Exercise goal ▸ Would you please copy every line below that includes the string "Purple"?
══ Exercise inputs ══
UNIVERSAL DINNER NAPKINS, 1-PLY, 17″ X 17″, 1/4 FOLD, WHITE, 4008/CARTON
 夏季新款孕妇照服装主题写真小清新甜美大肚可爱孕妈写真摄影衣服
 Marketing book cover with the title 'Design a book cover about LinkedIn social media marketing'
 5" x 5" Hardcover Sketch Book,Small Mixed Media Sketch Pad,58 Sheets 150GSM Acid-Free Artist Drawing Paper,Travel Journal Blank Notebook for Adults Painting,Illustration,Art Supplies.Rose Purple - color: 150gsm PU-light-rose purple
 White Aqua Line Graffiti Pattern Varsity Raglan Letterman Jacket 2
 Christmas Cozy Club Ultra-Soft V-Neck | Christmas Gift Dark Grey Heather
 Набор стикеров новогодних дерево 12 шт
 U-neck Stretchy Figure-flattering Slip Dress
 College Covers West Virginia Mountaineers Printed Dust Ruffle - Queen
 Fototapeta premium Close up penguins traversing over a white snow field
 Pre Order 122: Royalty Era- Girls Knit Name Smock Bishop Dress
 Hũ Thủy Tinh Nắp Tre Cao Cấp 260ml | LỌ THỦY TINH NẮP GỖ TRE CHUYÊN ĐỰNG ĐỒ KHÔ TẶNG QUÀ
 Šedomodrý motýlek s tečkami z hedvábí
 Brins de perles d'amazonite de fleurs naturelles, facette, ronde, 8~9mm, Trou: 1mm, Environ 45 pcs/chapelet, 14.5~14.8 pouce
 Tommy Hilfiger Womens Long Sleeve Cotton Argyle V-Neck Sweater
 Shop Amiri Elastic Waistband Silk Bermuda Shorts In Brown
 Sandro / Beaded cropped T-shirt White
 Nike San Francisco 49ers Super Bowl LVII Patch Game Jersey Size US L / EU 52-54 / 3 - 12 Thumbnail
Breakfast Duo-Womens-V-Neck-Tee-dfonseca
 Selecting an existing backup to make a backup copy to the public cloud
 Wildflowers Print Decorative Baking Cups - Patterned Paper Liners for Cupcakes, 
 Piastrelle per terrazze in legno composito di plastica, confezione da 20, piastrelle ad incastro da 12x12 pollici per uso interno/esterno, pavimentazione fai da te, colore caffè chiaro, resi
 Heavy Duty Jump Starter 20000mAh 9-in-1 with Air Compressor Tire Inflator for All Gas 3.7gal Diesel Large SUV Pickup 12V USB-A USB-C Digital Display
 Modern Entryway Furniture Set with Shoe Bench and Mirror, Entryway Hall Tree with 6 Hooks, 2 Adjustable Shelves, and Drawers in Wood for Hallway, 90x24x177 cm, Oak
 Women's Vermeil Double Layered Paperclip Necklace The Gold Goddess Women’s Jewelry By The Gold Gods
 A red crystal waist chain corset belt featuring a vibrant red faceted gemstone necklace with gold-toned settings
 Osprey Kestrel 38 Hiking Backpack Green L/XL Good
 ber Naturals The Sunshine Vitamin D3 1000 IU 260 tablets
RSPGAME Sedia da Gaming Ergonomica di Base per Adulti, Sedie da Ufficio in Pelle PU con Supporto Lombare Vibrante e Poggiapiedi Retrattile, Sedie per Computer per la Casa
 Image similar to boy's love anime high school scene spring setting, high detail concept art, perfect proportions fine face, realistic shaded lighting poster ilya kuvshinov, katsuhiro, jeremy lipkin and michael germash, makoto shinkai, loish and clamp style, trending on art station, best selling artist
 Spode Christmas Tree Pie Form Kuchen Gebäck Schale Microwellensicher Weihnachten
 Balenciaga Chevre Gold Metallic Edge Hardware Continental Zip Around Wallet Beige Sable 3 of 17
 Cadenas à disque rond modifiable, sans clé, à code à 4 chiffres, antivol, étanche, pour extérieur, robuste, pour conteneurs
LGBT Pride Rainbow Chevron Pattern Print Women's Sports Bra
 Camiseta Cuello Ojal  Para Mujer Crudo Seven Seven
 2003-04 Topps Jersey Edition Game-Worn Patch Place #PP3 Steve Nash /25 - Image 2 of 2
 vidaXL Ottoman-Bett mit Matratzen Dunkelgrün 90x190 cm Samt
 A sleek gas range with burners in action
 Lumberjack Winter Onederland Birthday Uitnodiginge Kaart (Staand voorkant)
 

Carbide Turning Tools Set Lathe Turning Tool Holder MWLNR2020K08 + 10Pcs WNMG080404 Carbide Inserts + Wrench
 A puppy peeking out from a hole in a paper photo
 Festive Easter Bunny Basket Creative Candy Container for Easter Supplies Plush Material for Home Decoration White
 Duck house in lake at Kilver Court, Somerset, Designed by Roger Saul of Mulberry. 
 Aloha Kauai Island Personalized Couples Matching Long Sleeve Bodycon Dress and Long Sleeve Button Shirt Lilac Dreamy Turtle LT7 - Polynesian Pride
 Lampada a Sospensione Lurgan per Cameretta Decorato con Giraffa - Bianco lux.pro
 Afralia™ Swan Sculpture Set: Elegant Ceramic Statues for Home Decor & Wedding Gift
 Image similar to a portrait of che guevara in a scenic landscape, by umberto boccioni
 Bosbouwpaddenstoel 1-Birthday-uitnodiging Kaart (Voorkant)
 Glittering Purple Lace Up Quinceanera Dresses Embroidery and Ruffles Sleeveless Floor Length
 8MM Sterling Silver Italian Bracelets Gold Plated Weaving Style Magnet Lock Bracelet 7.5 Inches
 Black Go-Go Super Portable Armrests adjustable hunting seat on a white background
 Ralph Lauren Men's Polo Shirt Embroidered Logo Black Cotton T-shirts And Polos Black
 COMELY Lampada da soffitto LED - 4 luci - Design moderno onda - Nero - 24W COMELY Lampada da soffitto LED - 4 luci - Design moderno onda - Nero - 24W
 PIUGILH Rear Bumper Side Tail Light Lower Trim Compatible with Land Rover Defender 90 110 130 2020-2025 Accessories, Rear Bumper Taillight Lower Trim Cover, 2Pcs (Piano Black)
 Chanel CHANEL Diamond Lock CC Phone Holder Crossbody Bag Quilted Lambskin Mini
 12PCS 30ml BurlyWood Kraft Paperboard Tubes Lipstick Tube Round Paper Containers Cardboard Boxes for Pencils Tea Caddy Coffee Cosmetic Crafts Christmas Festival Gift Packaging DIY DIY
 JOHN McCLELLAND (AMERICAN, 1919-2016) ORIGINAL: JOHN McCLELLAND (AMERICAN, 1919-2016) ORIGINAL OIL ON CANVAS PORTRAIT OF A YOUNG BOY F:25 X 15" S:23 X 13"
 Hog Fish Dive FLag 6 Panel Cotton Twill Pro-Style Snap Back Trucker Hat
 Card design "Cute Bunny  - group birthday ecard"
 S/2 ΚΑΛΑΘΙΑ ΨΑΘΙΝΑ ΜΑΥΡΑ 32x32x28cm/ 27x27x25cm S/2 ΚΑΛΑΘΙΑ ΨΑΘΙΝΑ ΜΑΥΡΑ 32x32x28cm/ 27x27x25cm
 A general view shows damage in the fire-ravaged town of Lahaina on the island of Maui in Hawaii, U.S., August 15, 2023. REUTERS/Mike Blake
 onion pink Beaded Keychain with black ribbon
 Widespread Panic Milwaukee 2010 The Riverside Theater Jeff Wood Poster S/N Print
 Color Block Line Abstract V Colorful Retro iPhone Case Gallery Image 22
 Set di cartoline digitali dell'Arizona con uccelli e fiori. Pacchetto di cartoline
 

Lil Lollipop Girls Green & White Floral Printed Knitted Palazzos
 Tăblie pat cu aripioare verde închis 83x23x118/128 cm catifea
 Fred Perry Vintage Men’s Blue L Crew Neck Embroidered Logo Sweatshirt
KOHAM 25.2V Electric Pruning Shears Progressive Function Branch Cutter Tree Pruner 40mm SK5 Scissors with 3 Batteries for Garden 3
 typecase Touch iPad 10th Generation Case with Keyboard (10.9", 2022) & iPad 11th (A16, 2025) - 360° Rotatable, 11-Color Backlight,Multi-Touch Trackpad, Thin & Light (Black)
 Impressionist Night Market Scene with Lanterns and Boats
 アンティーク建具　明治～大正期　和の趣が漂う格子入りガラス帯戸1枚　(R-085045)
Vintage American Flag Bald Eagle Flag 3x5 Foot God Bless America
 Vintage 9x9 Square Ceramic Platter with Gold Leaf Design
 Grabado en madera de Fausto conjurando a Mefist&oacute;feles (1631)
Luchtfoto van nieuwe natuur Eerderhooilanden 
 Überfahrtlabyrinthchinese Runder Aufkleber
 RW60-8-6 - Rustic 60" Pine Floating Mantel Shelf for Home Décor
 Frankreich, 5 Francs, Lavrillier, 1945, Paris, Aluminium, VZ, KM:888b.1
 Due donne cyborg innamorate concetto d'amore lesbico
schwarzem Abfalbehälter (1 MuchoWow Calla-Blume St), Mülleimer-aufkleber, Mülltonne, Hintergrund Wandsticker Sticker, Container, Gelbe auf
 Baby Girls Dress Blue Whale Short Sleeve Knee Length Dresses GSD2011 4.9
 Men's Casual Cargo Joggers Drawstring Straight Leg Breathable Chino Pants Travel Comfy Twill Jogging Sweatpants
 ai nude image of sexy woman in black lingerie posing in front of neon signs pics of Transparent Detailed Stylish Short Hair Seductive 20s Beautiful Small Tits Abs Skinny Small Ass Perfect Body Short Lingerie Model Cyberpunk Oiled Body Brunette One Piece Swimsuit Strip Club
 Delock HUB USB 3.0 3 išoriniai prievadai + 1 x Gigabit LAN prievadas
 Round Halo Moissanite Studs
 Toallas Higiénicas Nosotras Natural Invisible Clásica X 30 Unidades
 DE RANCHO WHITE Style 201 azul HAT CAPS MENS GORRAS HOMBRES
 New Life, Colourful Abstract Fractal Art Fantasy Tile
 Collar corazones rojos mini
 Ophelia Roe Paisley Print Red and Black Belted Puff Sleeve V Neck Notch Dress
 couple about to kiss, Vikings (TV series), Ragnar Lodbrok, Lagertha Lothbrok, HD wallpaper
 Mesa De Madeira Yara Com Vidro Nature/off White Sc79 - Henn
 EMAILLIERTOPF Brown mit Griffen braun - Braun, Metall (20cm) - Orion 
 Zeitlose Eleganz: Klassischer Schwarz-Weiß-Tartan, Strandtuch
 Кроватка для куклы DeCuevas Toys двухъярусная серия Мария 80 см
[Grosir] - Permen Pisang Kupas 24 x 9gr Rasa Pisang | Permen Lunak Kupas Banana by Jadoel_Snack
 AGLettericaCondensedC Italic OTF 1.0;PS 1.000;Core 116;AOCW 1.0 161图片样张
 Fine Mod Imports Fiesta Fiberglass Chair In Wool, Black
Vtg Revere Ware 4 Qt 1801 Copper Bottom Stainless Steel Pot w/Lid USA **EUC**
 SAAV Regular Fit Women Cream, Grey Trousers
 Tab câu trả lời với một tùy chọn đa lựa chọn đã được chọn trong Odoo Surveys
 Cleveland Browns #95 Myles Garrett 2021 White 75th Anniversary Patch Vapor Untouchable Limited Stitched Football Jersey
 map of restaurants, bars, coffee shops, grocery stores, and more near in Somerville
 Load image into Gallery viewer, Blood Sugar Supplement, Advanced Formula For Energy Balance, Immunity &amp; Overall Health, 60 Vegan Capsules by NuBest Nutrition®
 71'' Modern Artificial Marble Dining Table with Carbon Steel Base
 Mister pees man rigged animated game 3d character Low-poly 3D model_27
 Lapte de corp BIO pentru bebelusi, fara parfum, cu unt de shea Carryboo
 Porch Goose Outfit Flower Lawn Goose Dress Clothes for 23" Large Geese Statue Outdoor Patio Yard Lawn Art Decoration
═══
Answer to this task ▸
 5" x 5" Hardcover Sketch Book,Small Mixed Media Sketch Pad,58 Sheets 150GSM Acid-Free Artist Drawing Paper,Travel Journal Blank Notebook for Adults Painting,Illustration,Art Supplies.Rose Purple - color: 150gsm PU-light-rose purple
 Glittering Purple Lace Up Quinceanera Dresses Embroidery and Ruffles Sleeveless Floor Length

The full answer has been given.